There were once two camps. One, mostly English, asserted that baseball evolved from a game of English origin (probably rounders); the other, almost entirely American, said that baseball was an American invention (perhaps derived from the game of one-ol'-cat). Apparently they saw their positions as mutually exclusive. Some of their points seem more national loyalty than evidence: Americans tended to reject any suggestion that baseball evolved from an English game, while some English observers concluded that baseball was little more than their rounders without the round.
All in all it seems that due to the lack of evidence and the many many versions of this game it is very difficult to come to a solid conclusion.
Short Answer: Cricket was surprisingly popular in the United States through the entire 19th century. However, baseball was backed and promoted by dynamic marketers like A.G. Spalding. Baseball came to be associated with all-American manly athleticism, while cricket came to be associated with snobbish aristocrats with English pretensions.
Sociologists Jason Kaufman and Orlando Patterson have an article that answers this exact question, so I'll let them explain.
Baseball and cricket were both very popular in the 19th century
Cricket was popular in the US until well after the Civil War. The world's first official international cricket match took place between American and Canadian teams in 1844.
While the increasing popularity of baseball did present a formidable challenge to American cricket, the two games existed comfortably side-by-side throughout the 1850s and 60s. It was not uncommon, in fact, for cricket and baseball teams to challenge one another to matches in their rival’s sport.
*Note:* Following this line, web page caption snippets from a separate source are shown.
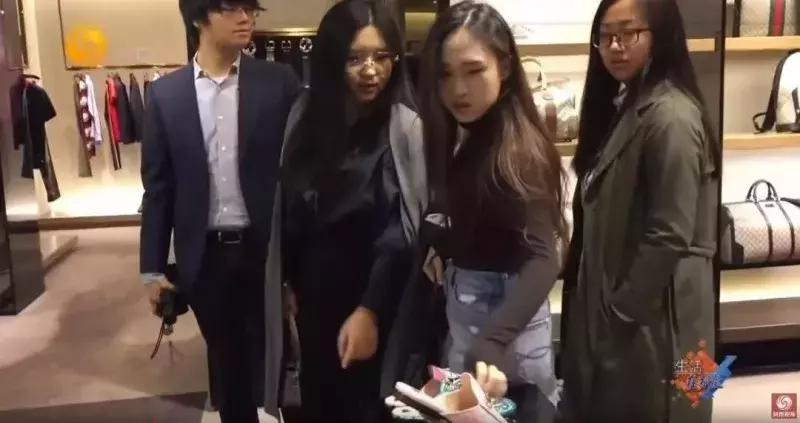 国外留学的“富二代”，他们的生活超乎我们的想象……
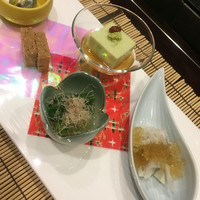 石焼料理 木春堂 - 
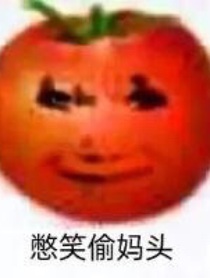 可恶的偷妈头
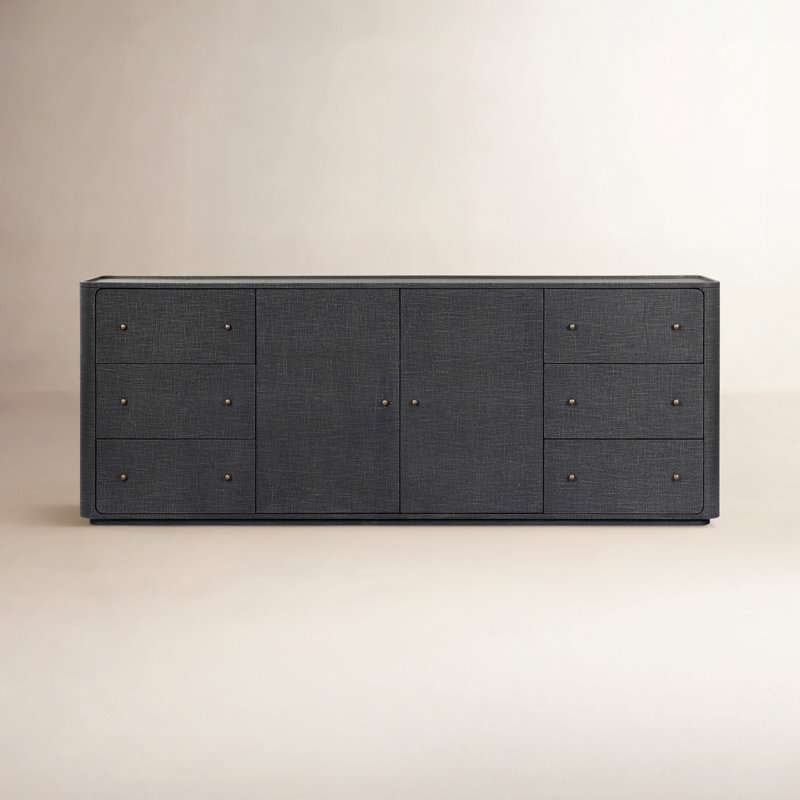 Paula 89'' W Sideboard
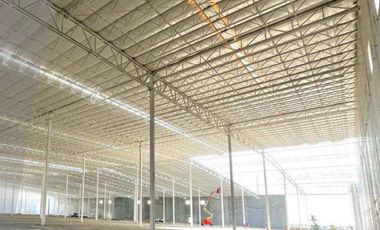 Bodega Industrial en Apodaca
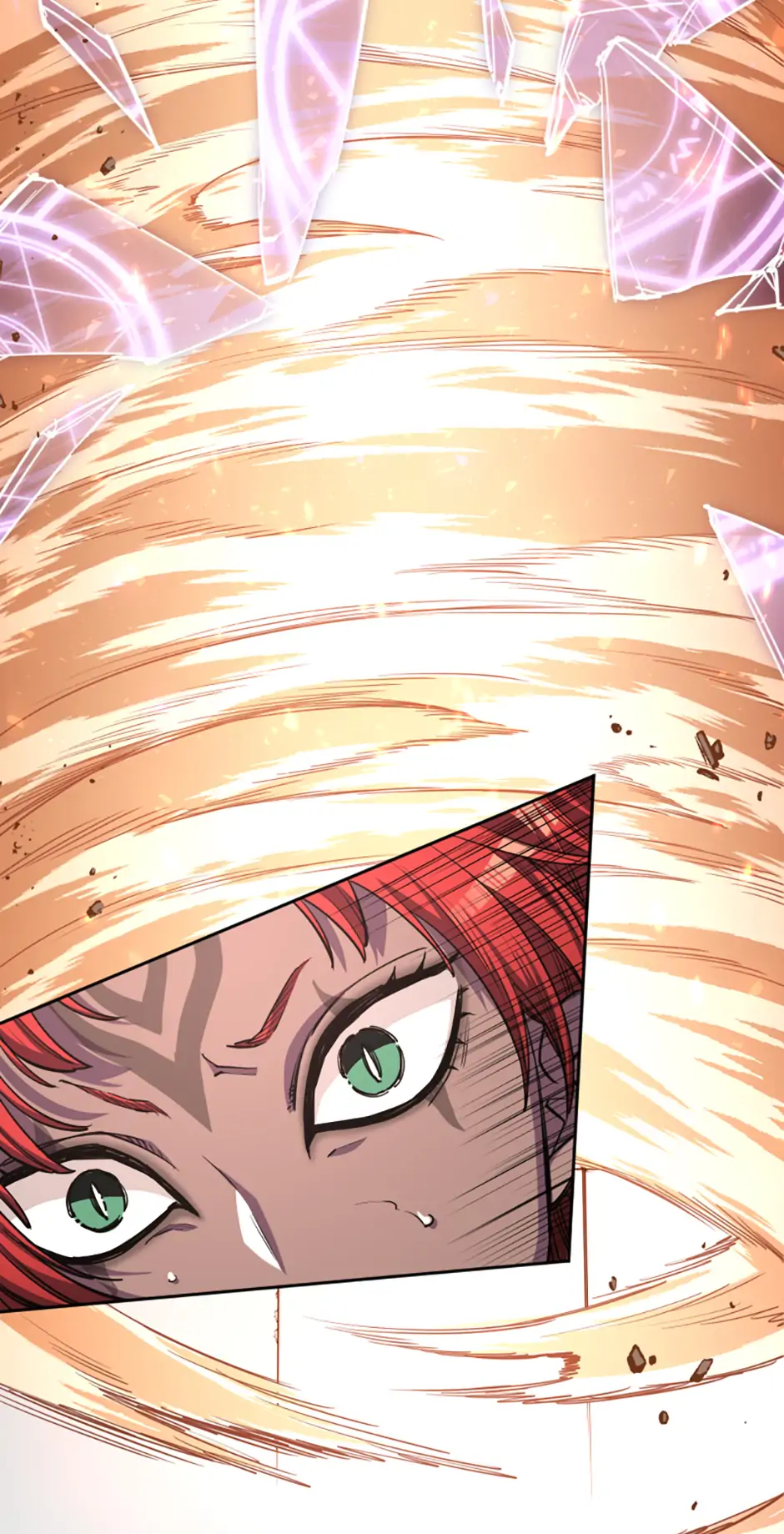 Appraiser Levels Up With Views Chapter 21 417 ch 21 95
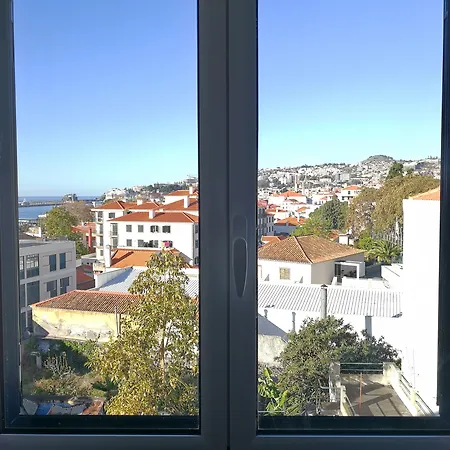 Travellers Pearl By Storytellers Apartment Funchal (Madeira)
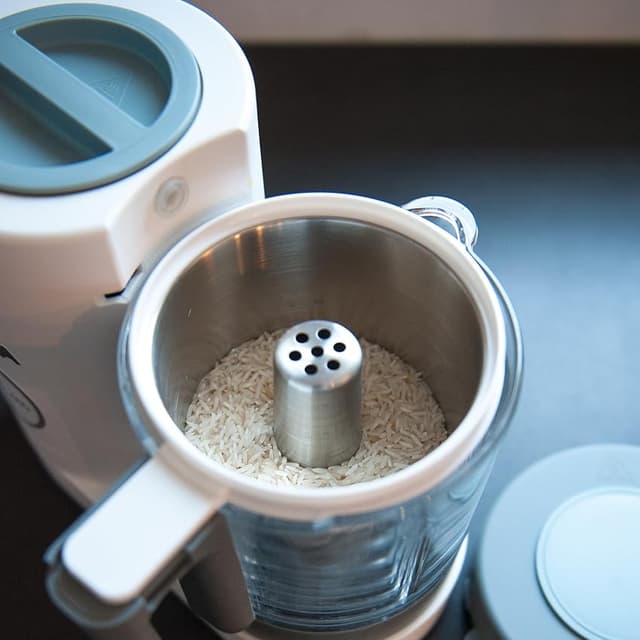 Imagen de BÉABA Hervidor de pasta y arroz 750g accesorio en OfertitasTOP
The wealthy began to value Cricket for its English pedigree
Though cricket was originally popularized in the United States by working-class immigrants from the British Isles, it later became a sport practiced by only a select few Americans . . . The most distinctive feature of the history of cricket in both the United States and Canada is its elevation to a pastime for elites only.
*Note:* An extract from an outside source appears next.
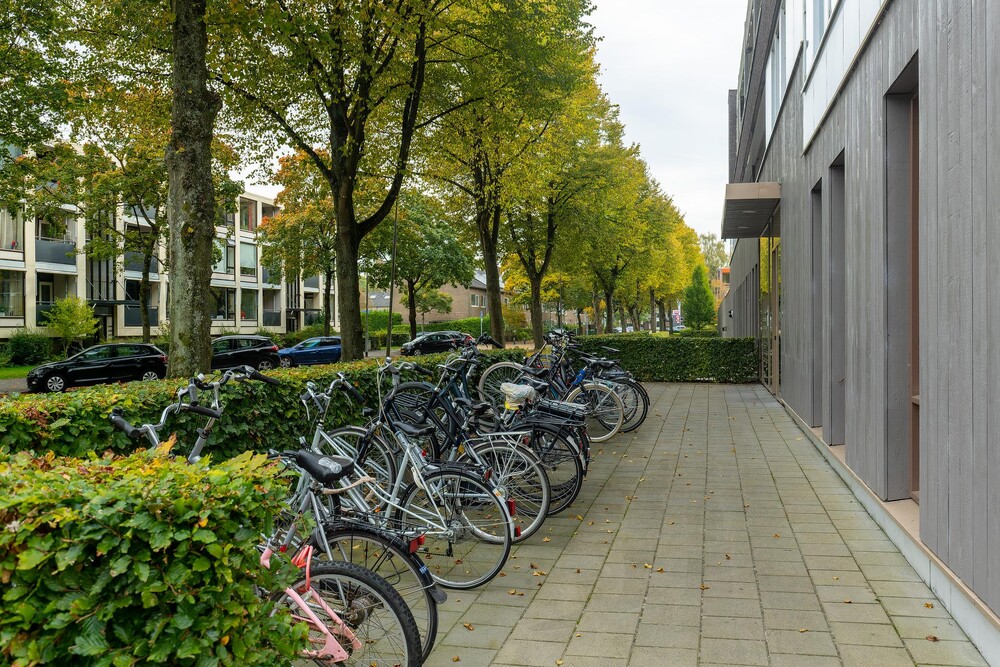 Beethovenlaan 5, 9722 KJ Groningen - € 250.000 k.k. - ben-s Makelaars Groningen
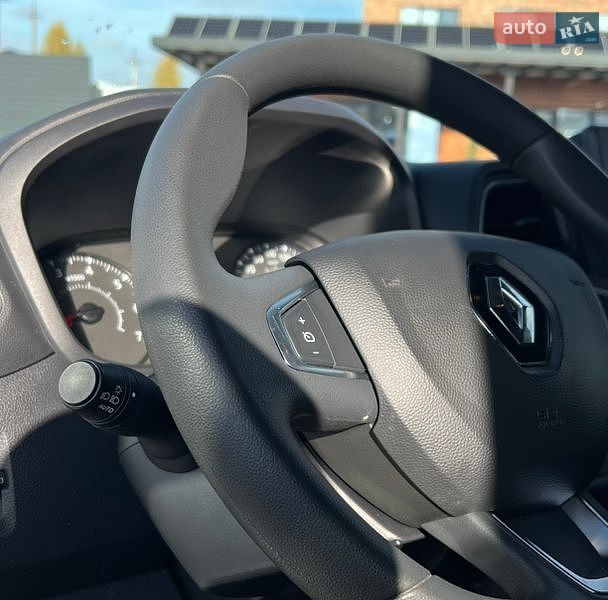 Тентований Renault Master 2023 в Ковелі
Savvy marketers promoted baseball
However much Americans enjoyed playing cricket, the sport never developed the kind of infrastructure that leads to a mass fan base: frequent matches with large crowds and intense rivalries. Baseball, however
. . . was later blessed by a cadre of brilliant entrepreneurs determined to make it the “nation’s pastime.” One such person was A. G. Spalding, star player, manager, league organizer, and sports manufacturer. To call Spalding an impresario or a marketing genius would be a bit of an understatement. He engaged in every part of the game, from promoting star players and intercity rivalries to squelching nascent efforts at labor organization among players.
Savvy marketers disparaged cricket as effeminate
Spalding was pretty scathing in his depiction of cricketers. He wrote in 1911:
I have declared that Cricket is a genteel game. It is. Our British Cricketer, having finished his day’s labor at noon, may don his negligee shirt, his white trousers, his gorgeous hosiery and his canvas shoes, and sally forth to the field of sport, with his sweetheart on one arm and his Cricket bat under the other, knowing that he may engage in his national pastime without soiling his linen or neglecting his lady
A baseball player, on the other hand, is manly:
When he dons his Base Ball suit, he says good-bye to society, doffs his gentility, and becomes—just a Ball Player! He knows that his business now is to play ball, and that first of all he is expected to attend to business. . .
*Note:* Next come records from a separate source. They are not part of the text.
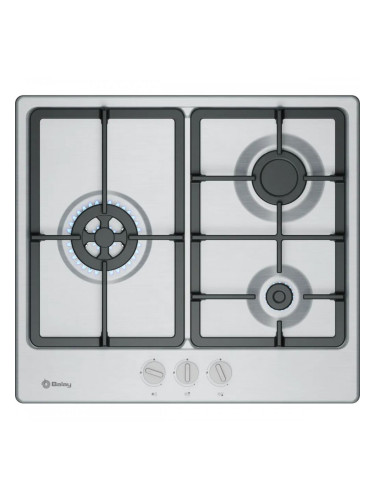 Газов котлон Balay 3ETX563CB
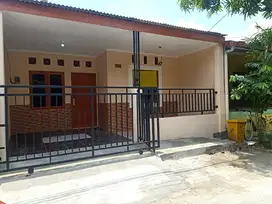Rumah Minimalis Modern di Citra Raya – Siap Huni & Strategis!
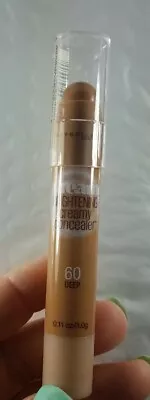 Maybelline New York Dream Brightening Creamy Concealer Deep • $8.99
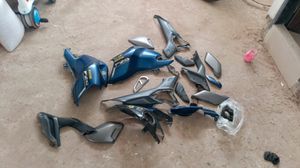 Yahama Fzs V3 Full Body Kit for Sale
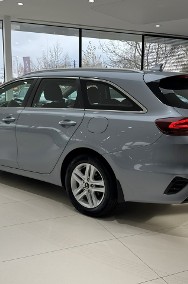 Kia Cee'd III S, FV-23%, Salon Polska, FV23, 1właściciel, gwarancja, DOSTAWA-2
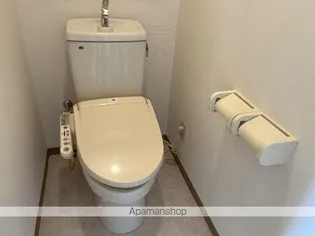 グリーンヒルズⅡ【1階】のその他画像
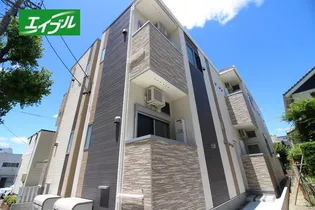 ハーモニーテラス呼続の画像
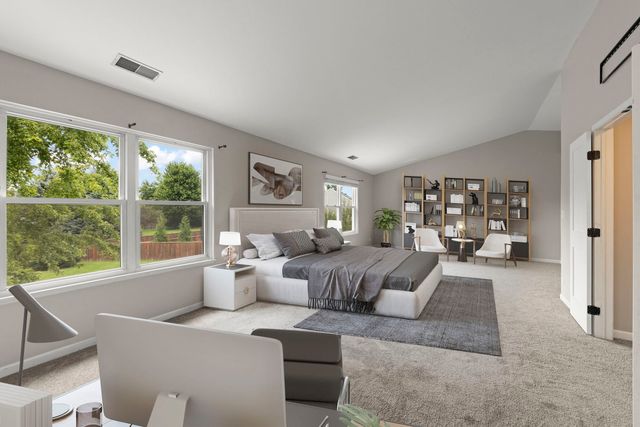808 Livingston Court, Naperville, IL 60540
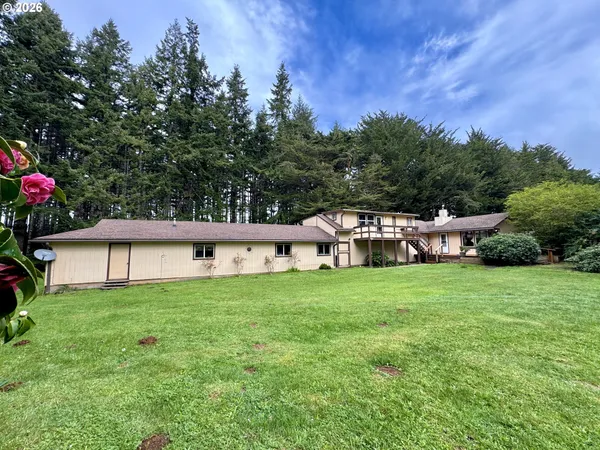 $990,000 | 86764 Sydnam Lane, Bandon, OR 97411
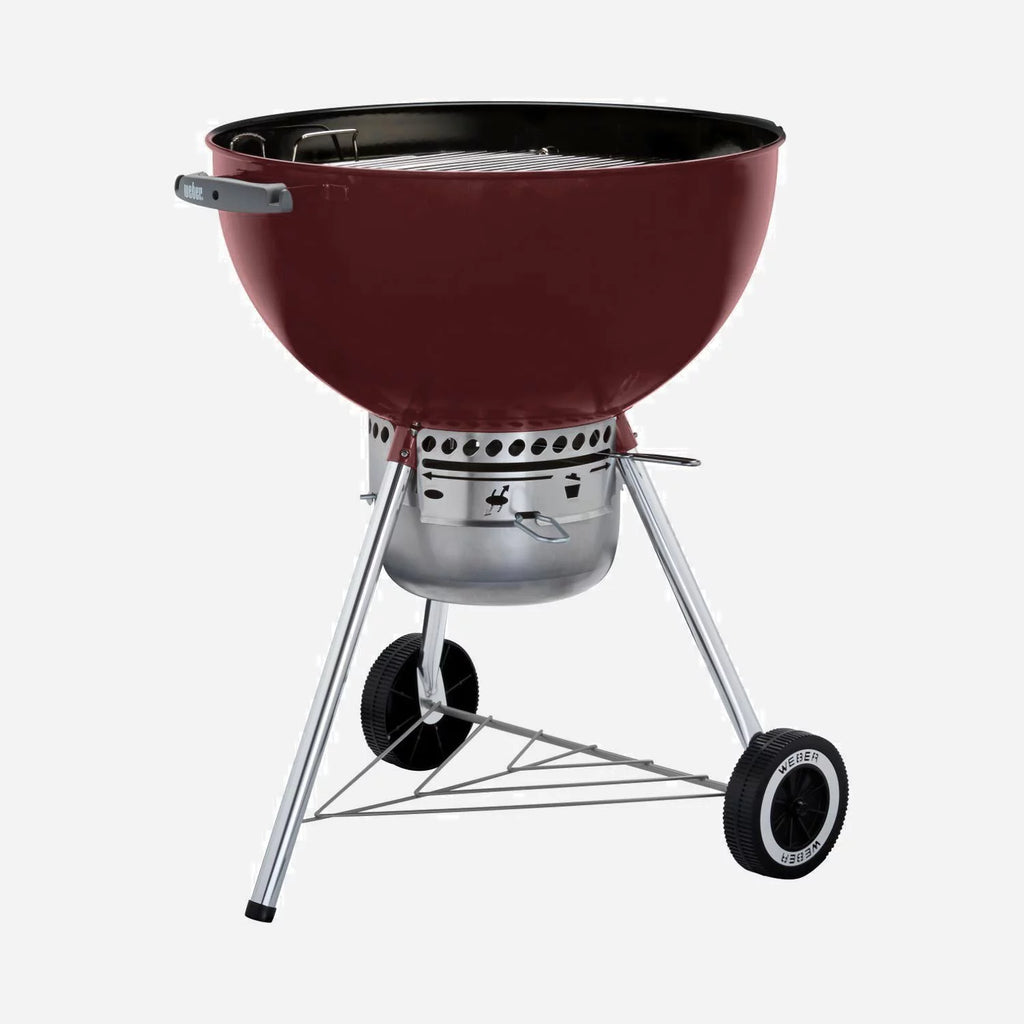 Charcoal Grill 22-Inch I881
And just in case Spalding was too subtle above, he repeats one more time that America:England::Manly:Effeminate.
Cricket is a gentle pastime. Base Ball is War! Cricket is an Athletic Sociable, played and applauded in a conventional, decorous and English manner. Base Ball is an Athletic Turmoil, played and applauded in an unconventional, enthusiastic and American manner.
The end result? "By the eve of the First World War very few were still alive who could recall the days when cricket had a chance to become America’s national pastime.”